Post-Mortem: Rack Gem Version Mismatch on May 31, 2022

There was a severe service degradation of our reference server. On 2022-05-31 a deployment of OBS failed and led to a downtime. We want to give you some insight into what happened.

Impact

Our reference server was offline for 27 minutes. No one was able to work with the API or user interface during that time. Other services depending on OBS (like https://software.opensuse.org) were taken down by this as well.

Root Causes

Our deployment is based on the passenger app server. We deploy this gem via an RPM package to the system. The passenger gem requires another ruby gem: rack. We deploy this gem requirement to the system also via an RPM package.

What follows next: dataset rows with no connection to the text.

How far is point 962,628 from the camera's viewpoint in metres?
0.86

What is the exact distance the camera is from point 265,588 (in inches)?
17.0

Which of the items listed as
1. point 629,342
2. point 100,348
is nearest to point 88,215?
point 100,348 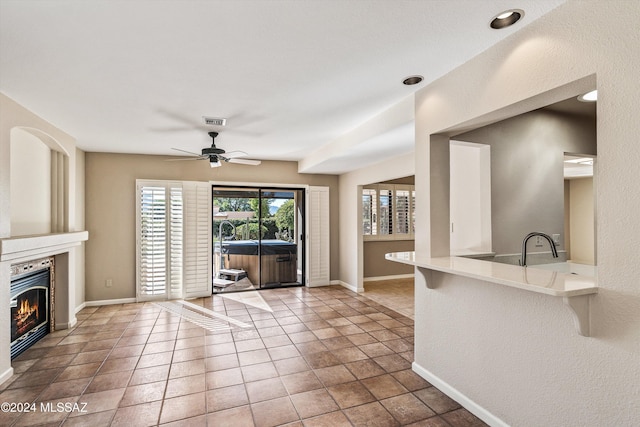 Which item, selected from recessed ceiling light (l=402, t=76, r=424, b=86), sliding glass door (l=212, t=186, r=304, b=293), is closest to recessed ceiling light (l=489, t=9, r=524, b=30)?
recessed ceiling light (l=402, t=76, r=424, b=86)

Now to make things complicated, the OBS application also requires the ruby gem rack to function. We deploy the ruby gems the OBS application requires to an application-specific directory (/usr/lib64/obs-api).

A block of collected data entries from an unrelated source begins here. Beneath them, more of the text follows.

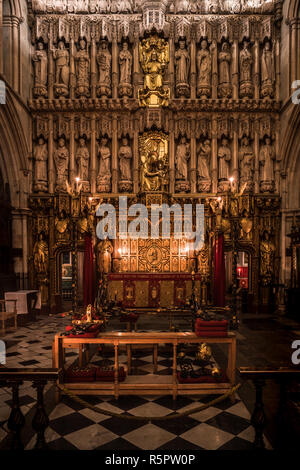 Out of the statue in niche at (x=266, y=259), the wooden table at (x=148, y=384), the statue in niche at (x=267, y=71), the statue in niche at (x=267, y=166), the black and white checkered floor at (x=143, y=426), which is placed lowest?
Answer: the black and white checkered floor at (x=143, y=426)

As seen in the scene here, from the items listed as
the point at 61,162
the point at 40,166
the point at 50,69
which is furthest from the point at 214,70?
the point at 40,166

If you have been paying attention to the post mortem from beginning of this month you probably know where this is heading.

On the day before we deployed we updated the ruby gem rack in our bundle and in our OBS repository. Then we deployed the OBS application bundle. But we did not update the system ruby gem rack. Which lead to a mismatch of the rack version passenger loaded from the system (2.2.3) and the rack version the application needed for it’s bundle (2.2.3.1). Can’t have both versions loaded at the same time, so passenger was unable to boot the OBS application.

Trigger

Deploying changes to production.

Detection

The deployment showed failures, we received alerts from our monitoring system and users informed via different channels.

Resolution

Updating the rack package (zypper up ruby3.1-rubygem-rack)

Action Items

Lessons Learned

What Went Well

Collaboration among the team to resolve this.

What Went Wrong

We haven’t resolved all the action items from the strscan incident yet. Bringing the CI ruby gem setup closer to production maybe could have saved us.

There was a handover between operators on Monday (the day the changes got implemented) and Tuesday (the day the changes got deployed). This didn’t go too well.

  • On Monday evening we did not block the deployment / informed people even though we were aware of possible problems
  • On Tuesday we deployed without checking in with the previous operator

Where We Got Lucky

No permanent damage or data loss.

Timeline (times in UTC)

  • 08:33 Start the deployment which isn’t successful.
  • 08:35 Deployment failed.
  • 08:36 Detect the server is down.
  • 08:40 Receive alerts from our monitoring system.
  • 08:44 We informed people on different channels.
  • 08:51 Try to restart Apache.
  • 08:55 See the message on the Passenger log: “You have already activated rack 2.2.3, but your Gemfile requires rack 2.2.3.1. Prepending bundle exec to your command may solve this. (Gem::LoadError)”
  • 08:58 Change the rack gem version on Gemfile.lock and restart Apache. We had the impression that the problem wasn’t solved, but it was a matter of time.
  • 09:01 Update the package in the system: zypper up ruby3.1-rubygem-rack.
  • 09:02 Change back the rack gem version on Gemfile.lock and restarted Apache. OBS is back.